Here's some marketing 101 for health insurance.

1) B to B
I attatched the flyer I use. Simply print them up and hit small businesses. The pitch is simple "Hi, I'm <your> and I'm an independent agent. I'm offering free quotes on affordable health insurance plans available through <insert> Do you have your own coverage or group? Look for a 5% response - for every 20 businesses you walk into it's one lead.

2) Cold call telemarketing
Buy a list for a variety of internet sources like USA data and start calling: "Hi, I'm John Petrowski from the Health Solutions Agency. I'm letting business owners like yourself know about a variety of affordable health insurance plans through companies like Aetna, Time, United Healthcare and Blue Cross. Do you have your own coverage or group? Look for a 2% to 3% response.

3) Shared internet leads
You can buy leads from $6 to 15% a pop with $8 being the standard price. Look to close 1 out of 15 if you're new. If you're looking for 4 to 5 deals per week you'll need at least $500 per week. You'll also need that every week for at least a month before commission roll in. Since you'll be competiting with seasoned agents you'll really need to be on your game for this method to work.

4) Hire a telemarketer
Put an ad out on Craigslist and hire an in-house telemarketer. Have her/him come over to your place, pay about $12 per hour flat and about 4 hours per day of calls should do it. That should generate 8 solid leads and a deal a day.


MARKETING THAT SOUNDS COOL BUT DOESN'T WORK

1) Postcard mailers
Expensive and low return. 40 cents a pop and mail 1,000 at a cost of $400. Return is .05% or 5 leads. That's $80 a lead and you might not close any of those 5 leads. Or you might close one but it's a low individual premium that doesn't even earn you $400 in commish.

2) Ads in local publications
Failed concept. Small ads that are inexpensive and don't get hardly any return. Quarter page or larger ads are expensive and the majority of your calls with be from broke or uninsurable people. Only works well on a large scale - thousands of dollars.

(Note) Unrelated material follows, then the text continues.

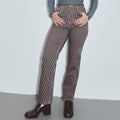 A model wearing brown and white vertically striped high-waisted straight-leg jeans, paired with a blue and white striped long-sleeve top and black patent leather boots, standing against a light gray wall. Thin Railroad stripe jeans by Fashion Brand Company.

3) Friends and family then expand off referrals
This is the MLM mentality - you sell a friend, get 5 referrals then each one of them give you 5 referrals and after a while you have hundreds of people to call. Ummmm, no. Doesn't work. You'll sell one or two of your friends and family and it'll end there. Oh, then your family member calls you bitching about the plan.

4) Business by osmosis
Some new agents think they just have to pass around their cards and basically let everyone know they sell health and the phone starts ringing. No, it won't.

5) Networking clubs
Although this method might get you the occasional deal it by no means will get you those 4 to 5 consistent deals per week you need to make this work.
I loved your pitches. My question when you hire someone from craigslist to make calls are you just having them call numbers from phonebook or paid leads. I'm a new agent and have even given into datalot now I'm almost broke.